» YOUR GOAL:
Within the entries below, the lines from the one with "Kabak Tohumu Topak(Bomba)" through the one with "Арабис альпийский 0,1г белый" are to be set down exactly, both ends kept.

» DATA SUPPLIED:
========

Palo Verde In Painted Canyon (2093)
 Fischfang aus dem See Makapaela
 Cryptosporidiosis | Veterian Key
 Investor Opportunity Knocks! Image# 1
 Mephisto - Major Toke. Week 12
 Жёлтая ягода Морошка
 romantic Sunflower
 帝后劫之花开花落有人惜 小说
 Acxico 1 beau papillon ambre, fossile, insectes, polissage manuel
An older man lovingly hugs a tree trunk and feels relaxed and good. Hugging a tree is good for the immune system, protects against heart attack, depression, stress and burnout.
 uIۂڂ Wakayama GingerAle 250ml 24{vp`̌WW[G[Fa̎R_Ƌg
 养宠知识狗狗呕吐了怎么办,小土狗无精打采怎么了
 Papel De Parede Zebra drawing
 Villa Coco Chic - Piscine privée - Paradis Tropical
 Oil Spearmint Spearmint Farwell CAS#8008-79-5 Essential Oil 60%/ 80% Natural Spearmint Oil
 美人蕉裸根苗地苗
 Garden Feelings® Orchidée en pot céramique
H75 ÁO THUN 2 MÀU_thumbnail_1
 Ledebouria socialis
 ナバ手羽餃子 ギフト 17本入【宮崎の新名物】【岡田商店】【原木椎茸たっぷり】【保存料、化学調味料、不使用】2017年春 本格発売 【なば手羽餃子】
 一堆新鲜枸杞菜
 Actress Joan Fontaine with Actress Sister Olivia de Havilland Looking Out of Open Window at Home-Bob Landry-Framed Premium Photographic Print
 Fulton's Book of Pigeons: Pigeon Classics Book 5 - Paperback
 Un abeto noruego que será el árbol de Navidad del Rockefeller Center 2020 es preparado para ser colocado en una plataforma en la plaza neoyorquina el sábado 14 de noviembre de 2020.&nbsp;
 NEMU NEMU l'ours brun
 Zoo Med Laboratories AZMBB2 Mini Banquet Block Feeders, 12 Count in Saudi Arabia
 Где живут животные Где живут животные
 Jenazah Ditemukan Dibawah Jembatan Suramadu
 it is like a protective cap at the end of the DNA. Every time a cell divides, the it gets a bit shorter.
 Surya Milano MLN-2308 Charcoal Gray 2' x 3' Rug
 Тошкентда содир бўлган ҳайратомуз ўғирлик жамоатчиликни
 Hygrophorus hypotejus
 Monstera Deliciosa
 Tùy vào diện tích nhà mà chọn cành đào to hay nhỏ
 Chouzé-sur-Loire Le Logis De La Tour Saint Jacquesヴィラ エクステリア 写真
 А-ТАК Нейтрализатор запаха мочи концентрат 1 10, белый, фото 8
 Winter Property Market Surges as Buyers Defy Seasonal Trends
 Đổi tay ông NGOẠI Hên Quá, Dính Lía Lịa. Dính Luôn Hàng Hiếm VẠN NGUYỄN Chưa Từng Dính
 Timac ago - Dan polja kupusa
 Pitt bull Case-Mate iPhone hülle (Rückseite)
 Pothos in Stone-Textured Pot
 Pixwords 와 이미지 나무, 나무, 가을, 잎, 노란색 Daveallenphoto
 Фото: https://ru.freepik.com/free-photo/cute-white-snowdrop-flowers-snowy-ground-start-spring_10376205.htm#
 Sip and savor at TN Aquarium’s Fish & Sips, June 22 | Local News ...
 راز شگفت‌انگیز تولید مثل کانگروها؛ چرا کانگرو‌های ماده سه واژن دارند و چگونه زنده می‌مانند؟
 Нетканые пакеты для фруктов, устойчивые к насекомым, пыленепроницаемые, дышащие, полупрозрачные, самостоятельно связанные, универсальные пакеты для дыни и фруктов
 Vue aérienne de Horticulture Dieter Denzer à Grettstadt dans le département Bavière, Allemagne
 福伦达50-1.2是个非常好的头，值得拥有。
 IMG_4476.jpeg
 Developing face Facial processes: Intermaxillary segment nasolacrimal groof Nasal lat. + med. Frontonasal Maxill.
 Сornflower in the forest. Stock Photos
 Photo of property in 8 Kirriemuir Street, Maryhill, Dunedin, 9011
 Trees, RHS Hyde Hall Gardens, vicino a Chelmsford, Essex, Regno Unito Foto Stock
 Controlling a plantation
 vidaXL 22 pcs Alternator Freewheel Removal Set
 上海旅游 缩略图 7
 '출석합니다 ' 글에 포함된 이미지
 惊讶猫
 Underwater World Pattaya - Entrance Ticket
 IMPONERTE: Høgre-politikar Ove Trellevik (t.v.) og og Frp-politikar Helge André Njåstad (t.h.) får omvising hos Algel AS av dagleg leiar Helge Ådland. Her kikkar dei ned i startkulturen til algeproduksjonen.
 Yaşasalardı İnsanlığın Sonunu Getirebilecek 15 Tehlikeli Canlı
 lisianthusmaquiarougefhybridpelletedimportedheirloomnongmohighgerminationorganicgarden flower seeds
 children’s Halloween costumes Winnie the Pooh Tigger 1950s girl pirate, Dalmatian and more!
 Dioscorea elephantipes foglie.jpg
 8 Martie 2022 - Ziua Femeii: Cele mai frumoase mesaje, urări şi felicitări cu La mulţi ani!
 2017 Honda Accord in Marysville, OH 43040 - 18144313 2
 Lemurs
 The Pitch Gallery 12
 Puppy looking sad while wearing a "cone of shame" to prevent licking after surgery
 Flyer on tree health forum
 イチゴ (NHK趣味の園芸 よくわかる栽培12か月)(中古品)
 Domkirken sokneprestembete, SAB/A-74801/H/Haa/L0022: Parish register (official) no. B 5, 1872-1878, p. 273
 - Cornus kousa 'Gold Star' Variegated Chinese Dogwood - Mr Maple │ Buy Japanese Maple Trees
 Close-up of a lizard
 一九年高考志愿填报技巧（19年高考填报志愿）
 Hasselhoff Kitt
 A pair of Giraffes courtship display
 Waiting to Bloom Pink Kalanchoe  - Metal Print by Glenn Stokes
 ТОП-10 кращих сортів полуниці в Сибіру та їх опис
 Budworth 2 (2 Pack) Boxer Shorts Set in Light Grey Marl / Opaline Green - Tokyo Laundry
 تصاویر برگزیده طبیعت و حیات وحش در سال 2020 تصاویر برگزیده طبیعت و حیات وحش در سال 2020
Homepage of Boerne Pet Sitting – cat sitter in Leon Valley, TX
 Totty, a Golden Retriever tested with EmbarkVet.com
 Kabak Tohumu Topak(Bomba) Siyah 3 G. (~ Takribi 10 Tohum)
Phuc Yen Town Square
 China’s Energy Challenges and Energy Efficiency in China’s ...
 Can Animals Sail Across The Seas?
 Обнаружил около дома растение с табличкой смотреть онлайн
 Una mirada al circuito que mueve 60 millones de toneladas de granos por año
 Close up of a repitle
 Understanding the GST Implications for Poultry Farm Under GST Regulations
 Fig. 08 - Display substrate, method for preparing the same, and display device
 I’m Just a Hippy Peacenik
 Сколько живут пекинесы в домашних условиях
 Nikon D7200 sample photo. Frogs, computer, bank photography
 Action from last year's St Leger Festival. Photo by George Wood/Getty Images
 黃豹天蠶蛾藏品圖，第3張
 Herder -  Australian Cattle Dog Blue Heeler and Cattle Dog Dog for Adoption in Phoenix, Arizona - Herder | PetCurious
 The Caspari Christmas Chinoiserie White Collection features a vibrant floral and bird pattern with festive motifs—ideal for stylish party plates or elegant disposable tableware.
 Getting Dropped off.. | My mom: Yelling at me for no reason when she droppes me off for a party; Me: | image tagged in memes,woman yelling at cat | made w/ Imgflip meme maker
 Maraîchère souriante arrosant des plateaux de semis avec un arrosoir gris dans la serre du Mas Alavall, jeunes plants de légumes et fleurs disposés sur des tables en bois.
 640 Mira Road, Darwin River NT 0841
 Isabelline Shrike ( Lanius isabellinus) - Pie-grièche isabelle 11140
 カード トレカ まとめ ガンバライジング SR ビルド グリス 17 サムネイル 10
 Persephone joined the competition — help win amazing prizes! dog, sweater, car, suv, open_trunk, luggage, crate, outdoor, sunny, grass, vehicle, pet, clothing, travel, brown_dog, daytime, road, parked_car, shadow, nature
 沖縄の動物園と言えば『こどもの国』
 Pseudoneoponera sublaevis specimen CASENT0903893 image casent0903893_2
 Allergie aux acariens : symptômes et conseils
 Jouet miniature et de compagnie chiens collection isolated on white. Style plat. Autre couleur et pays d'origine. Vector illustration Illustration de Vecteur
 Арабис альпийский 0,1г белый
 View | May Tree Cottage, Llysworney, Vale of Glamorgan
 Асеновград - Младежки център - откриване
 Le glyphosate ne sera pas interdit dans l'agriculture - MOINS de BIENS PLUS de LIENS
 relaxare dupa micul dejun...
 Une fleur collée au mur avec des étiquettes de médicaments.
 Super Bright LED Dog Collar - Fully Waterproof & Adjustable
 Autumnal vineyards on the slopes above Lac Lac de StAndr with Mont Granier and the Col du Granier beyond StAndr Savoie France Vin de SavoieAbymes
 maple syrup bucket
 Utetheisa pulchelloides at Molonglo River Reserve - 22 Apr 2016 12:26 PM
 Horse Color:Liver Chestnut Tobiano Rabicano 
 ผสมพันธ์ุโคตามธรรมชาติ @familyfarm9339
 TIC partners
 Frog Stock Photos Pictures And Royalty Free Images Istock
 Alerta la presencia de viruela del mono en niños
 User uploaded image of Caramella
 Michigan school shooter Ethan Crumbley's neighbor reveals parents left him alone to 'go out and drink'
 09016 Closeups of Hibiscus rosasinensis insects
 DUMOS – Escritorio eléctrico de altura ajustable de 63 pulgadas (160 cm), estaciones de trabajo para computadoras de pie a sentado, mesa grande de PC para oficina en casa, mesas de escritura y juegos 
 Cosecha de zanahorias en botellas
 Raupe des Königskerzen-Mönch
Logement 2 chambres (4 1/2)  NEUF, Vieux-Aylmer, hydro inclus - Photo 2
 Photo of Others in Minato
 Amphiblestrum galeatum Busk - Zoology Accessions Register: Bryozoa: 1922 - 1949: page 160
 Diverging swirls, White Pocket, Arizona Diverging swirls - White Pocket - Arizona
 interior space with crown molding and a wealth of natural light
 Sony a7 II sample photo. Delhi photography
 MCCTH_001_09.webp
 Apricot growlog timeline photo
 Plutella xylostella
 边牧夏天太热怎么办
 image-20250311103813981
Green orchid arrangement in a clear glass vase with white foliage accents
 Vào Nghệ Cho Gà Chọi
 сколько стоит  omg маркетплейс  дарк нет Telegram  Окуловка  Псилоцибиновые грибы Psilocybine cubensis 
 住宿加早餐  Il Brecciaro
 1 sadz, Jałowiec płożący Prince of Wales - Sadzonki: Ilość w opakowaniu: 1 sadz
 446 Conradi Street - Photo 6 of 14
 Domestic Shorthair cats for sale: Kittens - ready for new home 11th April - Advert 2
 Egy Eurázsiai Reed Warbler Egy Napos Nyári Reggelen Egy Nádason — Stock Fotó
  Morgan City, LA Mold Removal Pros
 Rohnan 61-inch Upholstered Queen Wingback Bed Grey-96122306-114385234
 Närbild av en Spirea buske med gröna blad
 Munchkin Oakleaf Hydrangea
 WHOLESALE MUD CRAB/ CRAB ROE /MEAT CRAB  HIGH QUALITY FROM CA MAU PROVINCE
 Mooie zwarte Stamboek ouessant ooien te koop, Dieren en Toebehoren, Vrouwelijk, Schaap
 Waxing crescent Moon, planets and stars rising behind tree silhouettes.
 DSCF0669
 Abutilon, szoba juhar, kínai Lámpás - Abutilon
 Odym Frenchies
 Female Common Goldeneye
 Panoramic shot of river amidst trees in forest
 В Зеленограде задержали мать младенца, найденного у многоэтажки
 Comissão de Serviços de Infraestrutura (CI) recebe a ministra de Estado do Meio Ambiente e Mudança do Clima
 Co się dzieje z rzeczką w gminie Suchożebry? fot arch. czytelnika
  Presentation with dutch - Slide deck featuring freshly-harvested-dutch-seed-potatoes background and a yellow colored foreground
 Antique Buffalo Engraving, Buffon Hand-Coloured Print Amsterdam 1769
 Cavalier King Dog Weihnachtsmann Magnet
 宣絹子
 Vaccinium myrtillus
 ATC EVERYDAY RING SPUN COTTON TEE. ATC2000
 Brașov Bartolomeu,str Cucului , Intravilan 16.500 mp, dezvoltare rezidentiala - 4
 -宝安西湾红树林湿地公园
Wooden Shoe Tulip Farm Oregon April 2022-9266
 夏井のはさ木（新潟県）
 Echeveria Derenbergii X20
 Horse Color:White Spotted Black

========

» ANSWER:
 Kabak Tohumu Topak(Bomba) Siyah 3 G. (~ Takribi 10 Tohum)
Phuc Yen Town Square
 China’s Energy Challenges and Energy Efficiency in China’s ...
 Can Animals Sail Across The Seas?
 Обнаружил около дома растение с табличкой смотреть онлайн
 Una mirada al circuito que mueve 60 millones de toneladas de granos por año
 Close up of a repitle
 Understanding the GST Implications for Poultry Farm Under GST Regulations
 Fig. 08 - Display substrate, method for preparing the same, and display device
 I’m Just a Hippy Peacenik
 Сколько живут пекинесы в домашних условиях
 Nikon D7200 sample photo. Frogs, computer, bank photography
 Action from last year's St Leger Festival. Photo by George Wood/Getty Images
 黃豹天蠶蛾藏品圖，第3張
 Herder -  Australian Cattle Dog Blue Heeler and Cattle Dog Dog for Adoption in Phoenix, Arizona - Herder | PetCurious
 The Caspari Christmas Chinoiserie White Collection features a vibrant floral and bird pattern with festive motifs—ideal for stylish party plates or elegant disposable tableware.
 Getting Dropped off.. | My mom: Yelling at me for no reason when she droppes me off for a party; Me: | image tagged in memes,woman yelling at cat | made w/ Imgflip meme maker
 Maraîchère souriante arrosant des plateaux de semis avec un arrosoir gris dans la serre du Mas Alavall, jeunes plants de légumes et fleurs disposés sur des tables en bois.
 640 Mira Road, Darwin River NT 0841
 Isabelline Shrike ( Lanius isabellinus) - Pie-grièche isabelle 11140
 カード トレカ まとめ ガンバライジング SR ビルド グリス 17 サムネイル 10
 Persephone joined the competition — help win amazing prizes! dog, sweater, car, suv, open_trunk, luggage, crate, outdoor, sunny, grass, vehicle, pet, clothing, travel, brown_dog, daytime, road, parked_car, shadow, nature
 沖縄の動物園と言えば『こどもの国』
 Pseudoneoponera sublaevis specimen CASENT0903893 image casent0903893_2
 Allergie aux acariens : symptômes et conseils
 Jouet miniature et de compagnie chiens collection isolated on white. Style plat. Autre couleur et pays d'origine. Vector illustration Illustration de Vecteur
 Арабис альпийский 0,1г белый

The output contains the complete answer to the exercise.